Some Iranian assets frozen due to sanctions, have been released as a result of the Vienna talks and are halfway to reach Iran. The war in Ukraine and its spill over the Iran nuclear deal negotiations, developments in Russia’s relations with Israel and Turkey, and disruptions in the global wheat supply have Iran’s foreign policy machine overwhelmingly engaged. However, it might be naïve to assume a sustainable détente is reachable between Iran and the United States without much fundamental compromise in either side’s foreign policy. The US is in no position to inflict any more pain than the existing but damaging sanctions, and Iran has no good reason to play anything other than hardball. Both sides remain adamant.

The result is a protracted process that will not have much short-term impact on the Iranian economy. Of course, as many analysts are asserting, the removal of sanctions will lead to improvements in the current levels of exports, imports, welfare and eventually the nominal GDP. Nevertheless, the ultimate state of the economy will boil down to domestic policies rather than external factors. The reason is that the Islamic Republic of Iran has never been much integrated in the global system and friction with the West has unequivocally isolated Iran from the Western economies in recent decades. And while different political camps proclaim their opponents dependent on the West or the East, on the ground, Iranian tradesmen and businesses are more pragmatic than ideological, and conduct trade with whomever furthers their interests .

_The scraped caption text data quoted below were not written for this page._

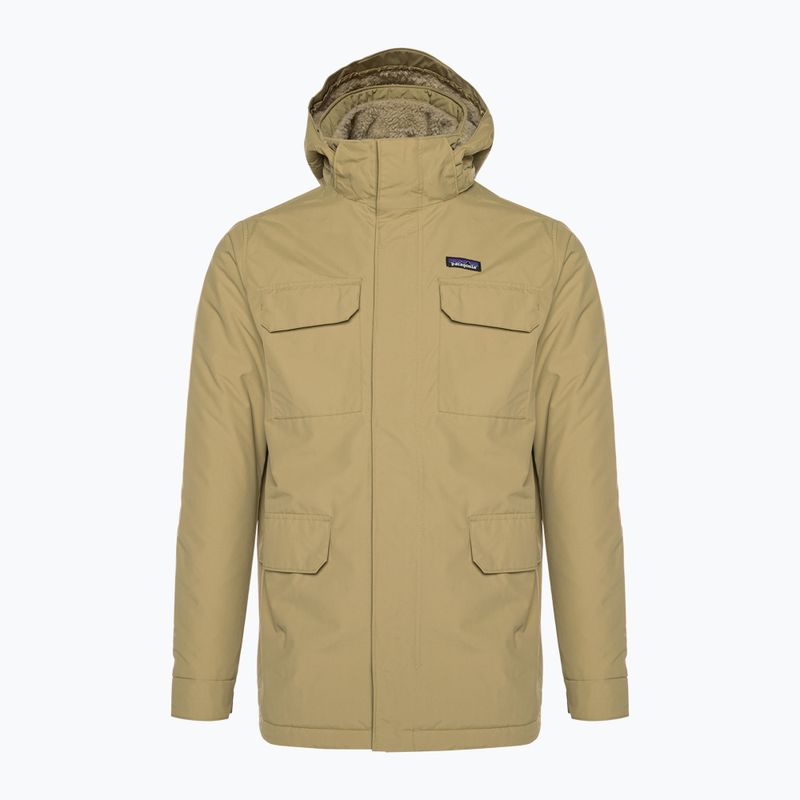 Herren Isolierjacke Patagonia Isthmus Parka classic tan 4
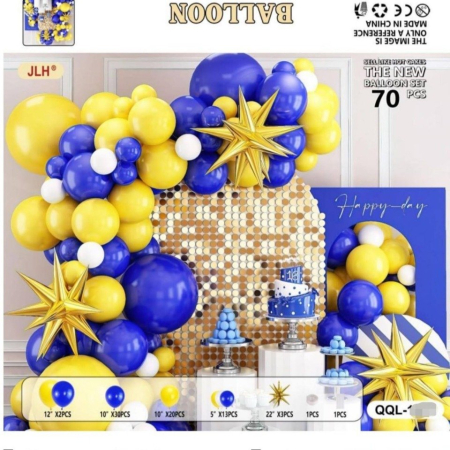 Zestaw Dekoracja Balonów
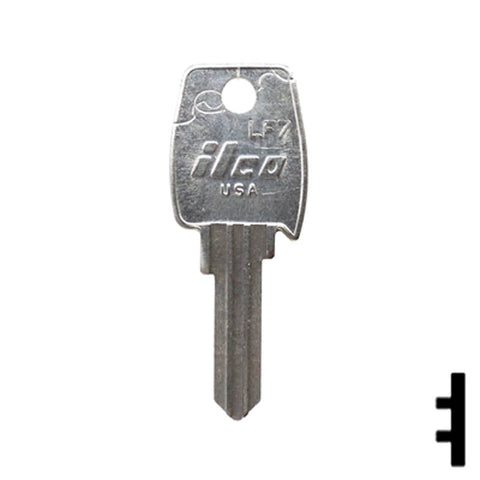 Ilco Key Blank LF7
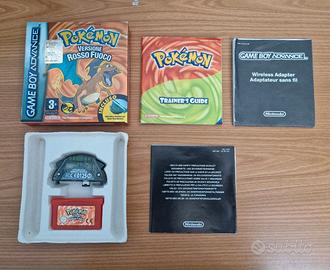 Pokemon Rosso Fuoco Game Boy Advance Nintendo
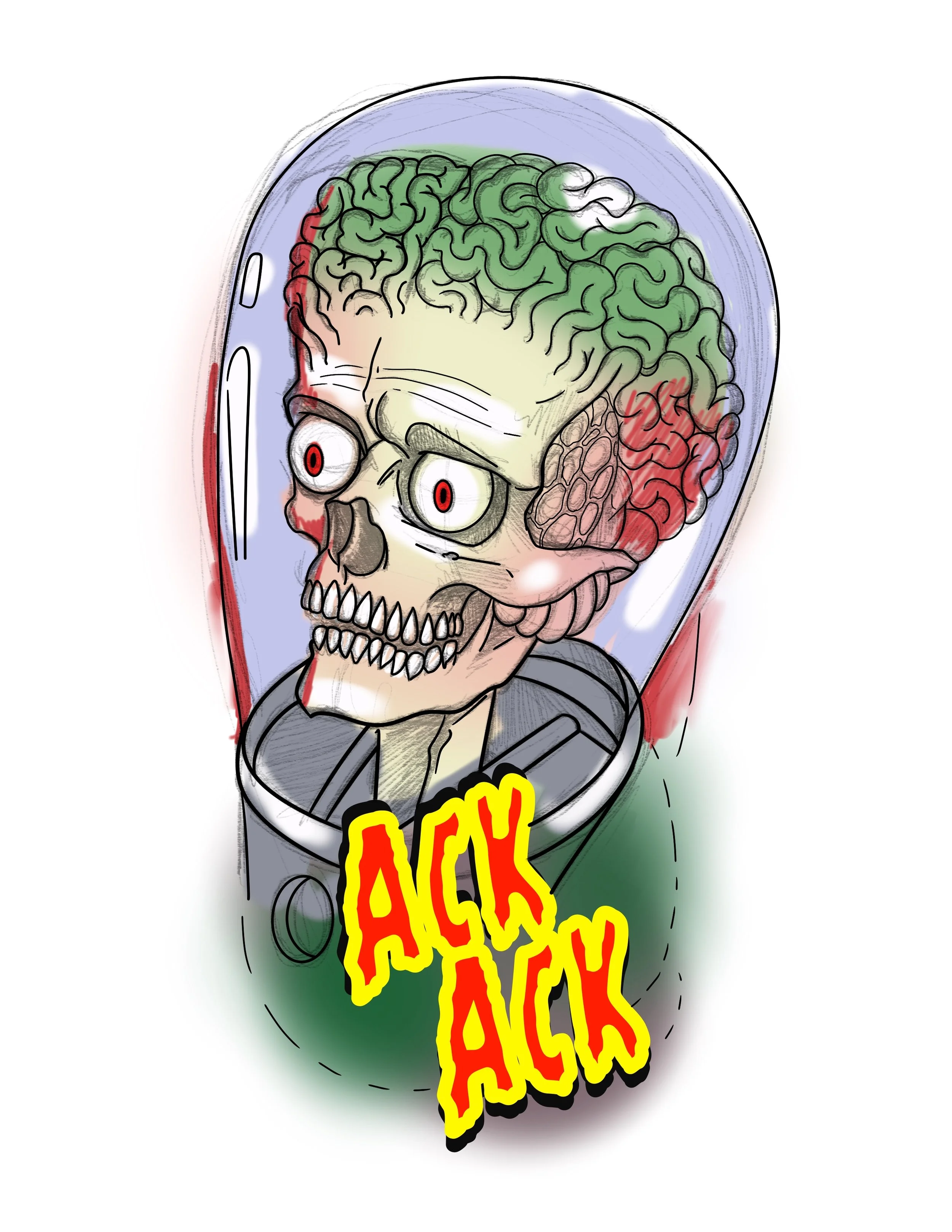 Mars attacks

So economic motives, along with alignment of their interests with the state policies, will guide how Iranian businesses operate domestically and across borders. And as much as the market would like to anticipate good news of a dtente anytime soon, it cannot. The opportunities for cross border business with Iran abound. However, beyond the sanctions, it is limited by policies inside the country. To get a better grasp of current public debate and the essence of the economy, let us review the state of production in the country and the political confusion and chaos that surround it. This way we get to have a rudimentary view of where threats and opportunities might be for improved production, and the general state of exports or imports.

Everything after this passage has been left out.